Below the click, you can find Courage Campaign’s statement on today’s news.
By Adam Bink
Mylinda Mason is a school board candidate in Modesto, CA who opposes the FAIR Education Act, saying she doesn’t want to introduce any kind of “sexuality” discussion into schools. You know, like Billie Jean King, Bayard Rustin or Harvey Milk.
So her signs were defaced, and she responded by attacking all LGBT people in the area. Modesto Bee:
A school board candidate’s conservative view about homosexuality was the focal point for two opposing groups who waved picket and campaign signs Saturday afternoon during a demonstration at Modesto’s Five Points intersection.
About a dozen people gathered there to protest against Modesto City Schools board candidate Mylinda Mason, who on Facebook angrily denounced people she believes tore down her campaign signs.
In her Facebook posts, Mason called those who damaged her signs “homosexuals and other liberals.” She also wrote: “Militant homosexual groups and pro abortion activists have engaged in this type of behavior for decades, only now attacks are getting even more brazen.”

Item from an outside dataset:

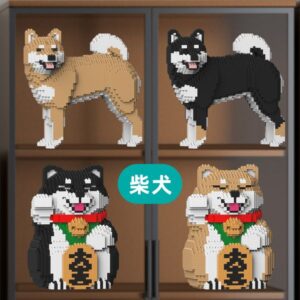 Giant Shiba Inu Building Bricks Puzzle Toy Creative Assembly Decor for New Home Opening Birthday Present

Sarah Ciccarelli helped organize the protesters who oppose Mason’s campaign. She said Mason will breed intolerance at the school district if she’s elected.
“I do not approve of anyone defacing (campaign) signs,” said Ciccarelli, 20, of Modesto. “But I don’t know why she brought up her beliefs anyway. These beliefs do not belong on a school board.”
Mason said she heard about the planned protest and gathered about 30 supporters to counter their demonstration with one of her own at the same intersection.
“I’m not a homophobe,” Mason said while holding one of her campaign signs. “I don’t hate them one bit.”
Mason said she hates that schools would introduce any type of sexuality discussion, including homosexuality, into curriculum.
The candidate is referring to a new state law that requires schools to include the historical contributions of gay, lesbian, bisexual and transgender people as well as people with disabilities. Beginning Jan. 1, schools must include these contributions in social science instruction.
“This is about that they want to shut me up,” Mason said while pointing to a large campaign sign that was spraypainted with “she hates gays.”
Ciccarelli said her group originally had planned to march along the street where Mason lives, but they decided Five Points would offer more visibility. She said the new state law helps ensure students learn about people of all backgrounds and fosters tolerance for those who are different.
“So they’re not afraid of it,” Ciccarelli said. “So students won’t get bullied because they’re homosexual.”
The protest lasted a few hours with no confrontations. At one point, some demonstrators from each side held their signs on the same corner of the intersection.
Here’s what Mason wrote on her Facebook page:
“Wow…Tough day. The Liberals are going out of their way to attack my positions on the social issues that will largely influence any implementation of mandates as a result of my School Board ‘votes’. My Biblical family values are not up for random change.”
“My signs are being damaged, torn down and stolen all over town by the intolerant left. The threat of a Christian grandmother is more than they can take. I just received the third phone call this morning to let me know about the damage done in the dark of night. Having taken a stand for what is right and true, homosexuals and other liberals want to make me pay a price, if not financially at least emotionally and psychologically. Militant homosexual groups and pro-abortion activists have engaged in this type of behavior for decades, only now attacks are getting even more brazen. MM”
More from this local TV news report.
I don’t know what the outcome of tomorrow’s elections will be, but I’m not sure anyone’s Biblical views, least of all Mylinda Mason’s, belong on a public school board. And someone should tell her that the FAIR Education Act is about teaching diversity and civil rights, not what all the right-wing groups are telling her it’s about.